Highly Efficient Blue Fluorescence from 3,2′-Silylene-Bridged 2-Phenylindoles in the Solid State

3,2'-Silylene-bridged 2-phenylindoles were prepared in high yields by palladium-catalyzed silicon-migrative intramolecular coupling of 2-(2-indolylsilyl)aryl triflates. The high thermal stability of the benzosilole-fused indoles was indicated by thermogravimetric analysis (TGA). The absorption spectra revealed that the absorption edges, namely, the HOMO-LUMO energy gaps, could be effectively tuned by substitution with functional groups such as chloro, cyano, methoxy, and phenyl at the meta-positions with respect to nitrogen and silicon, whereas there was no effective conjugation between the core and an aryl group on nitrogen.
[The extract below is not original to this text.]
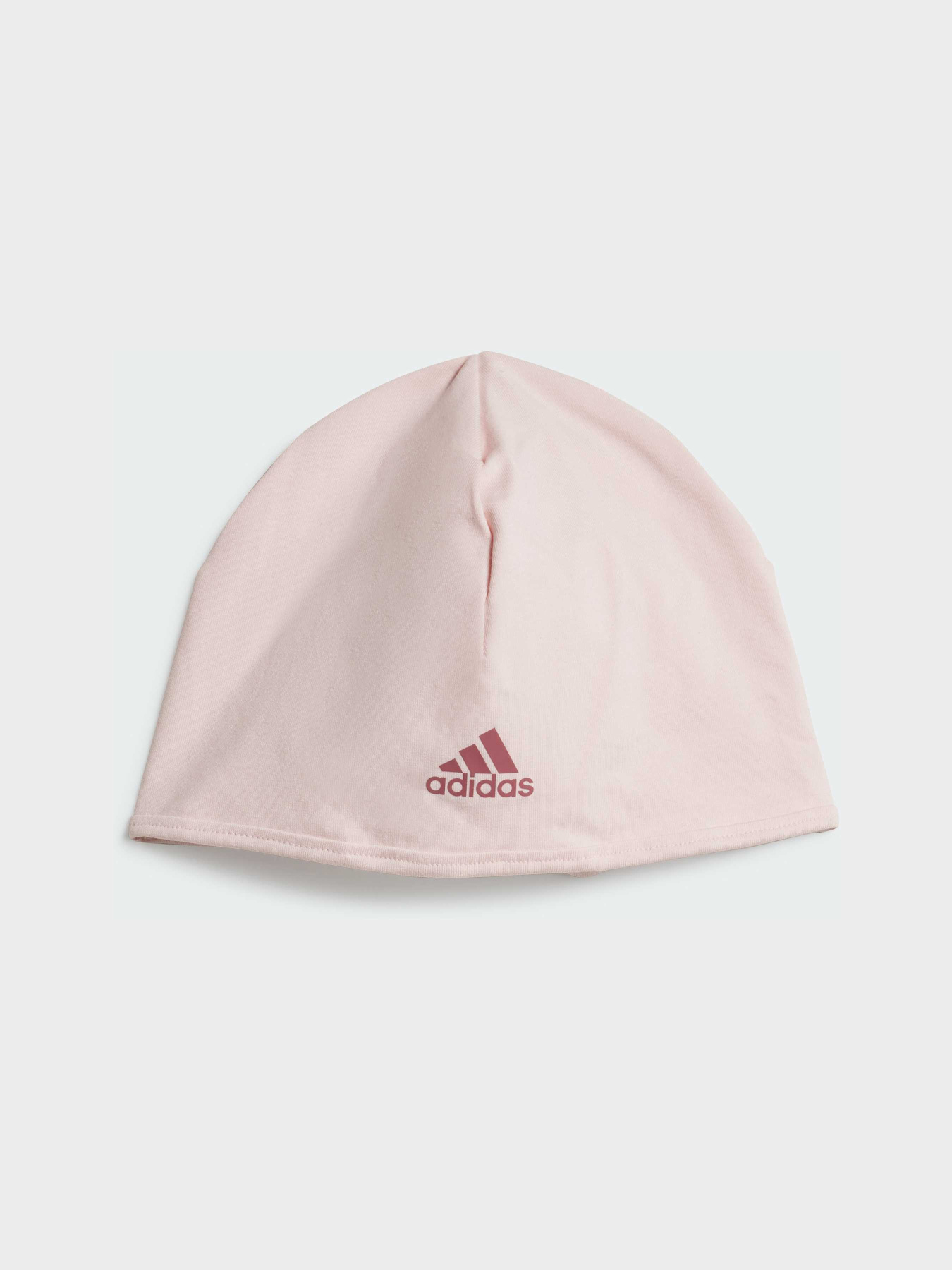 Одяг для немовлят Adidas модель IZ4972 Фото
The changes in the HOMO-LUMO gaps, which were induced by variation of the functional groups, were well reproduced by density functional theory calculation. The indoles exhibited blue fluorescence with high-to-excellent quantum yields both in cyclohexane and in powder as well as in doped poly(methyl methacrylate) (PMMA) films. The emission maxima of each indole exhibited a red-shift, which followed the general order: cyclohexane -> PMMA film -> powder. X-ray analysis of the diisopropylsilylene-bridged parent indole indicated that there was no close contact like pi-pi stacking in the crystal, presumably because of the steric effect of the bulky silylene bridge. Examination of the photophysical properties of 3,2-diisopropylmethylene-bridged 2-phenylindole revealed that the quantum yields of the carbon analogue in the solid state were much lower than the corresponding silylene-bridged indole. Thus, the silylene bridge is found to be essential for obtaining high-to-excellent solid-state quantum efficiency using a molecular design based on a 2-phenylindole framework.